A weak currency is good for exports. In India’s case, the script is not so straightforward.
While the rupee is Asia’s worst-performing major currency this year, a demand-killing trade war threatens Indian exports that have already been hurt by policy disruptions over the past two years. History shows the currency’s moves have hardly impacted shipments. If anything, a slide in the rupee has ended up inflating the nation’s import bill.
“The situation for export prospects is weak given the kind of trade war happening in the world,” said N.R. Bhanumurthy, an economist at Delhi-based National Institute for Public Finance and Policy and a co-author of a 2013 paper on whether rupee’s weakness matters to Indian manufacturing exports.
The currency slumped to an all-time low of 69.0925 per dollar last month as prices of crude oil -- the nation’s top import -- climbed and foreign funds exited stocks and bonds amid an aversion to riskier assets. The rupee touched 69 on Thursday and is down over 7 per cent this year.
The rupee continues to be overvalued on a real effective exchange rate despite the slide, and there was no question about being nervous about the depreciation, said Rajiv Kumar, vice chairman of think-tank NITI Aayog.

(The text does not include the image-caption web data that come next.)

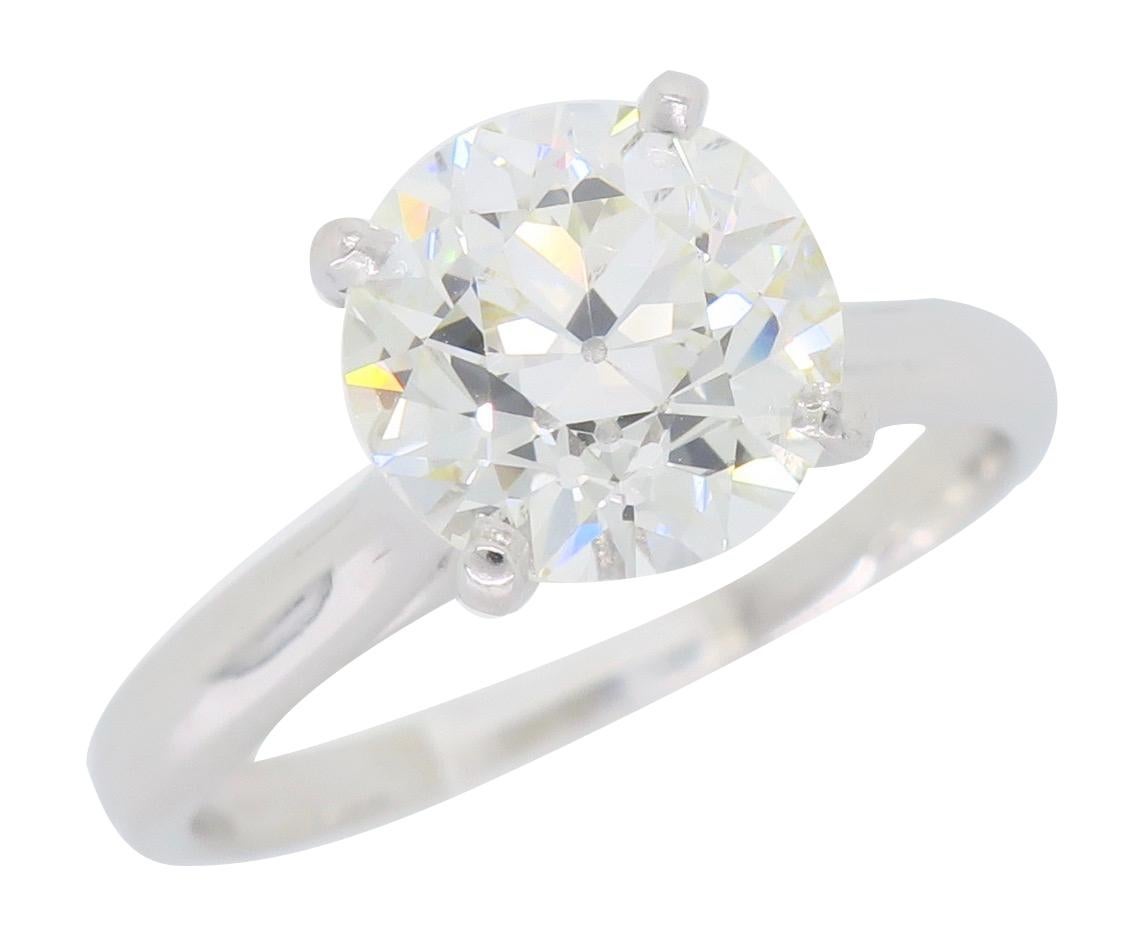 2.22 Carat Round Transitional Cut Diamond Engagement Ring 5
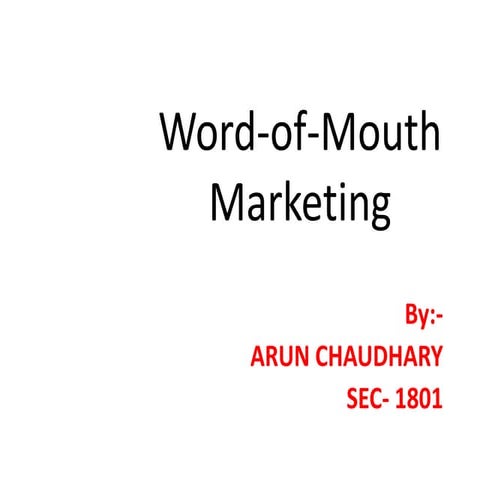 Word Of Mouth Marketing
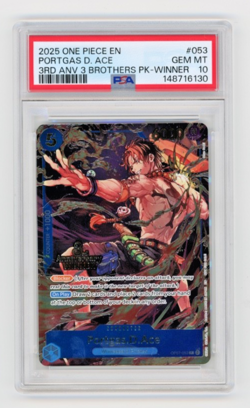2025 One Piece 3rd Anniversary Winner 3 Brothers 053 Portgas D. Ace PSA 10 GM - Image 1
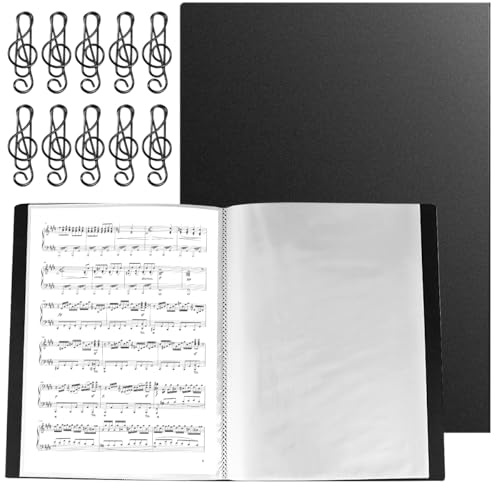 Carpeta Partituras A4, 40 Páginas Carpeta para Partituras de Musica, Archivador de Particiones Musicales, Documentos de Nota Musical para Piano, Violín, Guitarra, Documentos, Fotografías, Papel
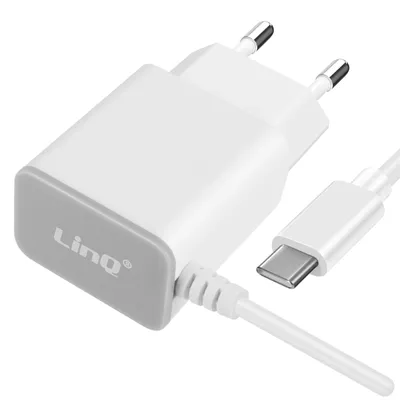Immagine prodotto di LinQ, alimentatore USB-C 18W con cavo integrato da 1,2 m, bianco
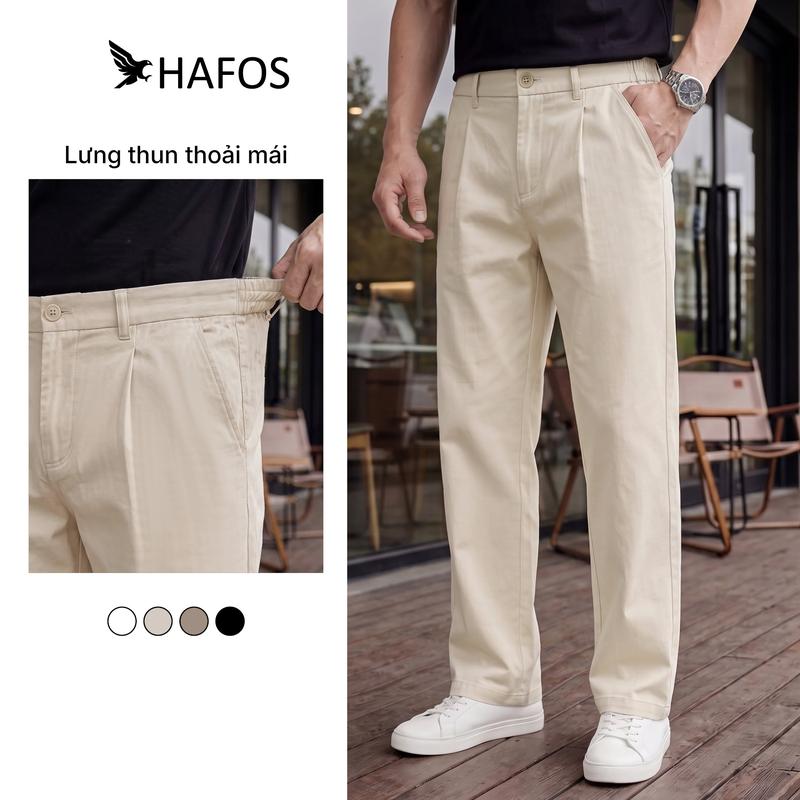 Quần dài kaki nam HAFOS chất vải Cotton cải tiến quần dài FLEXY lưng bán thun, Form Regular thoải mái, co giãn, ít nhăn - Menswear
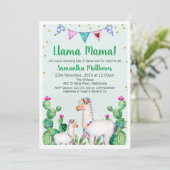 Llama Mama Baby shower Uitnodiging (Staand voorkant)
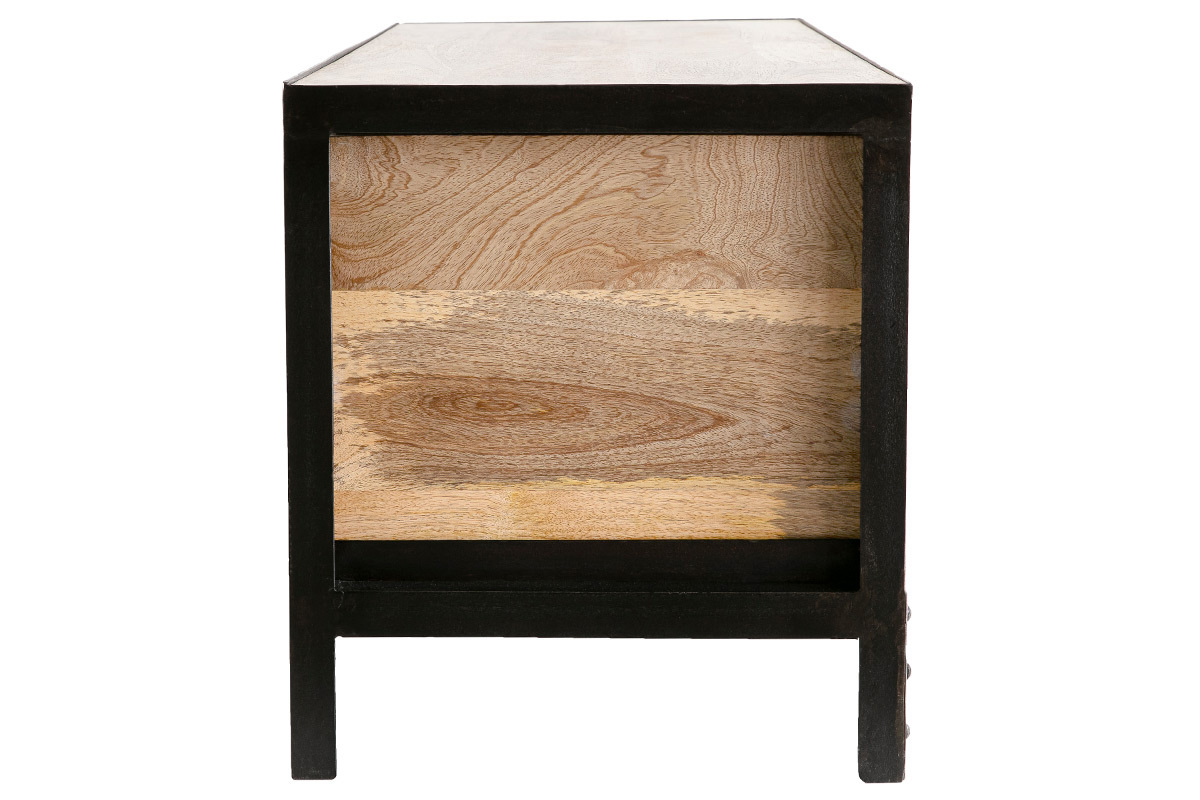 Mobile contenitore industriale in legno di mango con metallo nero, vista laterale, 3 cassetti.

Modi’s chief economic adviser, Arvind Subramanian, also welcomed the rupee’s decline, adding that it was a natural adjustment that was taking place.
Along with rising oil prices and Indians’ love for electronic goods made abroad, an adverse terms of trade position could widen the country’s current-account deficit.
“The rupee’s weakness against the dollar along with rising oil prices has increased India’s import bill,” said Rohan Chinchwadkar, an assistant professor of finance at the Indian Institute of Management at Tiruchirappalli in southern India. “Despite the depreciation, export growth continues to be weak because of rising protectionism, sluggishly recovering global growth and disruption of domestic supply chains.”